Histopathology


. 2022 Aug 4.
doi: 10.1111/his.14734. Online ahead of print.
Cardiac megakaryocytes in SARS-CoV-2 positive autopsies


Kara L Gawelek 1 , Robert Padera 1 , Jean Connors 2 , Geraldine S Pinkus 1 , Olga Podznyakova 1 , Elisabeth M Battinelli 2



Affiliations

Abstract

Thromboembolic phenomena are an important complication of infection by severe acute respiratory coronavirus 2 (SARS-CoV-2). Increasing focus on management of the thrombotic complications of Coronavirus Disease 2019 (COVID-19) has led to further investigation into the role of platelets, and their precursor cell, the megakaryocyte, during disease course.

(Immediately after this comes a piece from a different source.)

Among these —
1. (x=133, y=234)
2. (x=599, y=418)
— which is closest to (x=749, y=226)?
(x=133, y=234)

Previously published post-mortem evaluations of patients who succumbed to Coronavirus Disease 2019 (COVID-19) have reported the presence of megakaryocytes in the cardiac microvasculature. Our series evaluated a cohort of autopsies performed on SARS-CoV-2 positive patients in 2020 (n = 36) and pre-pandemic autopsies performed in early 2020 (n = 12) and selected to represent comorbidities common in cases of severe COVID-19 in addition to infectious and non-infectious pulmonary disease and thromboembolic phenomena. Cases were assessed for the presence of cardiac megakaryocytes and correlate with the presence of pulmonary emboli and laboratory platelet parameters and inflammatory markers. Cardiac megakaryocytes were detected in 64% (23/36) of COVID-19 autopsies, and 40% (5/12) pre-pandemic autopsies, with averages of 1.77 and 0.84 megakaryocytes per cm2 , respectively. Within the COVID-19 cohort, autopsies with detected megakaryocytes had significantly higher platelet counts compared with cases throughout; other platelet parameters were not statistically significant between groups. Although studies have supported a role of platelets and megakaryocytes in the response to viral infections, including SARS-CoV-2, our findings suggest cardiac megakaryocytes may be representative of a non-specific inflammatory response and are frequent in, but not exclusive to, COVID-19 autopsies.